Beyond dire health impacts, the inefficiency of this cooking method consumes hours of women’s time each day. It even has implications on sexual violence, as women and girls often must travel dangerous distances alone to collect fuel for cooking. A recent UN Foundation blog also highlighted gender-based violence in refugee camps that stems from shortages in fuel.
Clean cooking solutions contribute positively to gender equality and many other SDGs. Photo: Paradigm Project
[pullquote]–UN Women
Measuring – and maximizing – progress
Gold Standard-certified projects are required to contribute positively to climate protection plus two additional development benefits. For years, projects that deliver clean and efficient cooking solutions to communities have tackled many of these social, economic, and environmental challenges. These efforts have helped lower household spending on fuel, minimize women’s ‘drudgery’ or the many hours spent on unpaid work like fuel collection and long cooking times, and reduce their exposure to deadly fumes.
Now with clearly defined SDG 5 indicators and more evidence of the transformative potential for women’s empowerment to fight climate change and achieve other development goals, Gold Standard’s Gender Equality Framework takes this to the next level.

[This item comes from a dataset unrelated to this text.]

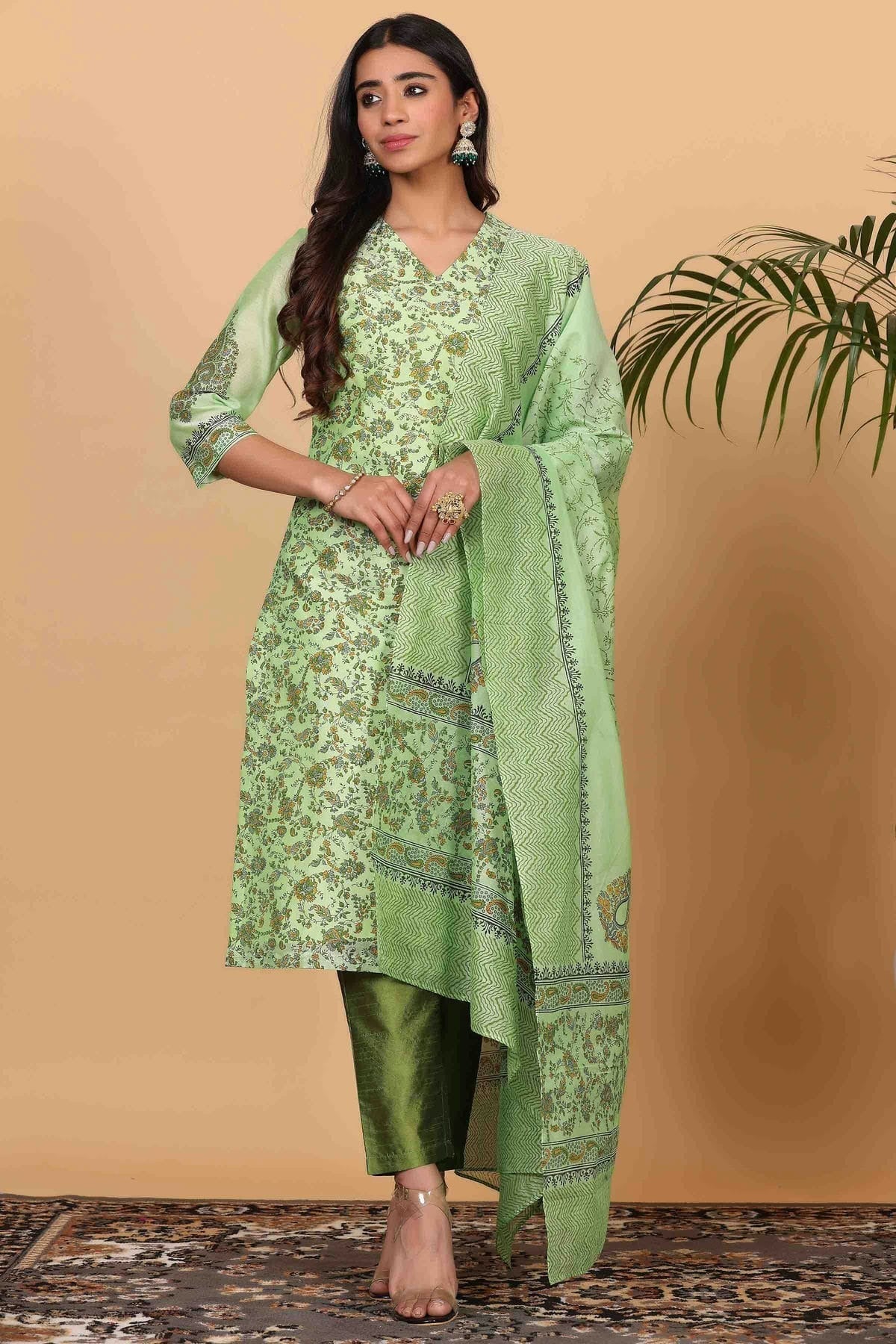 Pista Green Colour Chanderi Stitched Suit SS1112919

The Framework’s ‘Gender Sensitive Requirements’ ensure that projects anchor gender equality at the core of their design. With a strong project design, the Framework’s Gender Responsive Guidelines can then help assess impact to a wide range of SDG 5 indicators:
- Increase in school enrollment and graduation rates
- Increase in income generation opportunities and equal pay
- Improved access to financial mechanisms
- Incentives to recruit women, increase capacity and provide career development
- Time saved in collecting and carrying water, fuel, and forest products and putting it to better use
Quantification to unlock funding
By quantifying and certifying gender impacts, projects can tap into additional funding from an increasing pool of gender-lens investors and a rising demand to credibly report on what dollars have delivered. The Gold Standard Gender Equality Framework is flexible and indicators can be selected according to what funders or projects priorities.
This gender-disaggregated impact data can also be used to track progress at a regional or national level, helping policymakers to develop effective evidence-based policies and enabling tracking of progress toward the SDGs in initiatives like the Global Partnership for SDGs.
What’s clear is that gender issues are complex, but addressing them can be transformative. Indeed, closing gender gaps can accelerate progress towards many other Sustainable Development Goals.
Conversely, poverty, education, health, jobs and livelihoods, food security, environmental and energy sustainability will not be solved without addressing gender inequality. If we’re serious about the bold ambition of ‘gender equality for all’, we first need to know how we’re doing in the race to 2030 and, critically, get the most out of every development dollar we spend.
The Gold Standard Gender Equality Framework was developed with support from the Grand Duchy of Luxembourg Ministry of Sustainable Development and Infrastructure – Department of Environment. Organizations looking to help empower women and girls can support projects making a measurable difference in gender equality by funding Gold Standard Certified SDG 5 Impacts. Find out more here. Project developers who wish to apply the Gender Equality Framework may contact help@goldstandard.org to find out how to get started.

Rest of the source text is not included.